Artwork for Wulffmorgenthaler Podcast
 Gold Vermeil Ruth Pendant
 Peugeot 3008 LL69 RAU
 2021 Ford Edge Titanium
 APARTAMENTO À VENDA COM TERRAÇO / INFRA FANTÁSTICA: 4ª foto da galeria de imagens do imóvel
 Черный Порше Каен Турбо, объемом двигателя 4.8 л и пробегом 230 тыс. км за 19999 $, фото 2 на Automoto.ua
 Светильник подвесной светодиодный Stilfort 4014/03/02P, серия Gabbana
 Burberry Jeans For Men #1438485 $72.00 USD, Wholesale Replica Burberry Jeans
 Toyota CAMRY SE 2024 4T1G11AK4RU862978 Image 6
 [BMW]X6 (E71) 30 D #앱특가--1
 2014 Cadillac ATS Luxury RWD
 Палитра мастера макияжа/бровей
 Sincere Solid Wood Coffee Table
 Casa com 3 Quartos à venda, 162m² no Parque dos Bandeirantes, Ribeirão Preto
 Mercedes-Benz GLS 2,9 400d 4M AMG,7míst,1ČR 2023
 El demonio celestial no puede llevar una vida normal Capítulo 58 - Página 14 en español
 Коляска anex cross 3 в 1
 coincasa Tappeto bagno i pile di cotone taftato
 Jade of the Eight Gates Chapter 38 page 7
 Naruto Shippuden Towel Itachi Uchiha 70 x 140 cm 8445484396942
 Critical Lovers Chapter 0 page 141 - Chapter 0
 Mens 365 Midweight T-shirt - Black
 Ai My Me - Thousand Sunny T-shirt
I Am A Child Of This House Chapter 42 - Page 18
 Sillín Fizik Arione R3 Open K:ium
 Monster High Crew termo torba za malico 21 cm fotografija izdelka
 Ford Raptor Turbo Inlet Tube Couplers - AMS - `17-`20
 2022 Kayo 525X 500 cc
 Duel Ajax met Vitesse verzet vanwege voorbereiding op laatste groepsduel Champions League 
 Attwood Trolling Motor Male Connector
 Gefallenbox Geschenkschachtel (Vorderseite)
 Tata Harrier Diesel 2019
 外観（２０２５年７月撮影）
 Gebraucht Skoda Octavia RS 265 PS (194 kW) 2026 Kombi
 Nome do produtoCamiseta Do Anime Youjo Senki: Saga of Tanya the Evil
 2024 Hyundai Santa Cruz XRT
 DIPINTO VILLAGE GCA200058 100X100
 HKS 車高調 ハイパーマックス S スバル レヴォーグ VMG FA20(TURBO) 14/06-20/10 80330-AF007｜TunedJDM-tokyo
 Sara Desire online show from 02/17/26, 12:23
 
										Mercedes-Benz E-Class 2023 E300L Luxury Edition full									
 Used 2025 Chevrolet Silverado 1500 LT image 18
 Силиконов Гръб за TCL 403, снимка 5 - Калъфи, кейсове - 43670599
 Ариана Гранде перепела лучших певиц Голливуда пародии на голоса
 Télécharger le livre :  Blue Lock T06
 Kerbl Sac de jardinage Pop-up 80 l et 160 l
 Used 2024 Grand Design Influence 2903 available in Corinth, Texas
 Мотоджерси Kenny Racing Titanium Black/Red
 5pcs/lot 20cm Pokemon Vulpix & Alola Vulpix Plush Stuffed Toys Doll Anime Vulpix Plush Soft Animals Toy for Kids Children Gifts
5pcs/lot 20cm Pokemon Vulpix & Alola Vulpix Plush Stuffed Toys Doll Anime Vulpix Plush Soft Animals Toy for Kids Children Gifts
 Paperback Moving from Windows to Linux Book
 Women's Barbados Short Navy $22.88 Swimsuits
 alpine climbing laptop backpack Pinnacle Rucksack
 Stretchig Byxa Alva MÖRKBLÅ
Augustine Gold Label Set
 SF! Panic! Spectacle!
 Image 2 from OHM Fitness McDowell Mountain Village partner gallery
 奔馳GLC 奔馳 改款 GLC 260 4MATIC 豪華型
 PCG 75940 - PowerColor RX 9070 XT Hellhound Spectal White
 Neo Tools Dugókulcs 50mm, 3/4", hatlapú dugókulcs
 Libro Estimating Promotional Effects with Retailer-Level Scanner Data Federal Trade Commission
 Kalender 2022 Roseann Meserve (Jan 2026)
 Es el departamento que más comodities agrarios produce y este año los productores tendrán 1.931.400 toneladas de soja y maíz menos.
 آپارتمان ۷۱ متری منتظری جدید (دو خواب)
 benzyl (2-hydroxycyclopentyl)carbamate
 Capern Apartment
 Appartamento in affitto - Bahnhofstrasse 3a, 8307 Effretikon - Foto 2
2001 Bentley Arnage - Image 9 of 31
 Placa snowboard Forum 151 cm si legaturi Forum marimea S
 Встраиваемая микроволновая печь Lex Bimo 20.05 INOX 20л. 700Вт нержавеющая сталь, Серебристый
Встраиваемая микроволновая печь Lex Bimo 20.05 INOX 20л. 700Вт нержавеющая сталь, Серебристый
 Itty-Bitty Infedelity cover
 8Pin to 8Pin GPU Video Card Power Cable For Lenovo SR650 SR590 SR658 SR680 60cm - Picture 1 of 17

——————————

• _Assignment_
Restating all of the data exactly is the whole task.

• _Solution below_
Artwork for Wulffmorgenthaler Podcast
 Gold Vermeil Ruth Pendant
 Peugeot 3008 LL69 RAU
 2021 Ford Edge Titanium
 APARTAMENTO À VENDA COM TERRAÇO / INFRA FANTÁSTICA: 4ª foto da galeria de imagens do imóvel
 Черный Порше Каен Турбо, объемом двигателя 4.8 л и пробегом 230 тыс. км за 19999 $, фото 2 на Automoto.ua
 Светильник подвесной светодиодный Stilfort 4014/03/02P, серия Gabbana
 Burberry Jeans For Men #1438485 $72.00 USD, Wholesale Replica Burberry Jeans
 Toyota CAMRY SE 2024 4T1G11AK4RU862978 Image 6
 [BMW]X6 (E71) 30 D #앱특가--1
 2014 Cadillac ATS Luxury RWD
 Палитра мастера макияжа/бровей
 Sincere Solid Wood Coffee Table
 Casa com 3 Quartos à venda, 162m² no Parque dos Bandeirantes, Ribeirão Preto
 Mercedes-Benz GLS 2,9 400d 4M AMG,7míst,1ČR 2023
 El demonio celestial no puede llevar una vida normal Capítulo 58 - Página 14 en español
 Коляска anex cross 3 в 1
 coincasa Tappeto bagno i pile di cotone taftato
 Jade of the Eight Gates Chapter 38 page 7
 Naruto Shippuden Towel Itachi Uchiha 70 x 140 cm 8445484396942
 Critical Lovers Chapter 0 page 141 - Chapter 0
 Mens 365 Midweight T-shirt - Black
 Ai My Me - Thousand Sunny T-shirt
I Am A Child Of This House Chapter 42 - Page 18
 Sillín Fizik Arione R3 Open K:ium
 Monster High Crew termo torba za malico 21 cm fotografija izdelka
 Ford Raptor Turbo Inlet Tube Couplers - AMS - `17-`20
 2022 Kayo 525X 500 cc
 Duel Ajax met Vitesse verzet vanwege voorbereiding op laatste groepsduel Champions League 
 Attwood Trolling Motor Male Connector
 Gefallenbox Geschenkschachtel (Vorderseite)
 Tata Harrier Diesel 2019
 外観（２０２５年７月撮影）
 Gebraucht Skoda Octavia RS 265 PS (194 kW) 2026 Kombi
 Nome do produtoCamiseta Do Anime Youjo Senki: Saga of Tanya the Evil
 2024 Hyundai Santa Cruz XRT
 DIPINTO VILLAGE GCA200058 100X100
 HKS 車高調 ハイパーマックス S スバル レヴォーグ VMG FA20(TURBO) 14/06-20/10 80330-AF007｜TunedJDM-tokyo
 Sara Desire online show from 02/17/26, 12:23
 
										Mercedes-Benz E-Class 2023 E300L Luxury Edition full									
 Used 2025 Chevrolet Silverado 1500 LT image 18
 Силиконов Гръб за TCL 403, снимка 5 - Калъфи, кейсове - 43670599
 Ариана Гранде перепела лучших певиц Голливуда пародии на голоса
 Télécharger le livre :  Blue Lock T06
 Kerbl Sac de jardinage Pop-up 80 l et 160 l
 Used 2024 Grand Design Influence 2903 available in Corinth, Texas
 Мотоджерси Kenny Racing Titanium Black/Red
 5pcs/lot 20cm Pokemon Vulpix & Alola Vulpix Plush Stuffed Toys Doll Anime Vulpix Plush Soft Animals Toy for Kids Children Gifts
5pcs/lot 20cm Pokemon Vulpix & Alola Vulpix Plush Stuffed Toys Doll Anime Vulpix Plush Soft Animals Toy for Kids Children Gifts
 Paperback Moving from Windows to Linux Book
 Women's Barbados Short Navy $22.88 Swimsuits
 alpine climbing laptop backpack Pinnacle Rucksack
 Stretchig Byxa Alva MÖRKBLÅ
Augustine Gold Label Set
 SF! Panic! Spectacle!
 Image 2 from OHM Fitness McDowell Mountain Village partner gallery
 奔馳GLC 奔馳 改款 GLC 260 4MATIC 豪華型
 PCG 75940 - PowerColor RX 9070 XT Hellhound Spectal White
 Neo Tools Dugókulcs 50mm, 3/4", hatlapú dugókulcs
 Libro Estimating Promotional Effects with Retailer-Level Scanner Data Federal Trade Commission
 Kalender 2022 Roseann Meserve (Jan 2026)
 Es el departamento que más comodities agrarios produce y este año los productores tendrán 1.931.400 toneladas de soja y maíz menos.
 آپارتمان ۷۱ متری منتظری جدید (دو خواب)
 benzyl (2-hydroxycyclopentyl)carbamate
 Capern Apartment
 Appartamento in affitto - Bahnhofstrasse 3a, 8307 Effretikon - Foto 2
2001 Bentley Arnage - Image 9 of 31
 Placa snowboard Forum 151 cm si legaturi Forum marimea S
 Встраиваемая микроволновая печь Lex Bimo 20.05 INOX 20л. 700Вт нержавеющая сталь, Серебристый
Встраиваемая микроволновая печь Lex Bimo 20.05 INOX 20л. 700Вт нержавеющая сталь, Серебристый
 Itty-Bitty Infedelity cover
 8Pin to 8Pin GPU Video Card Power Cable For Lenovo SR650 SR590 SR658 SR680 60cm - Picture 1 of 17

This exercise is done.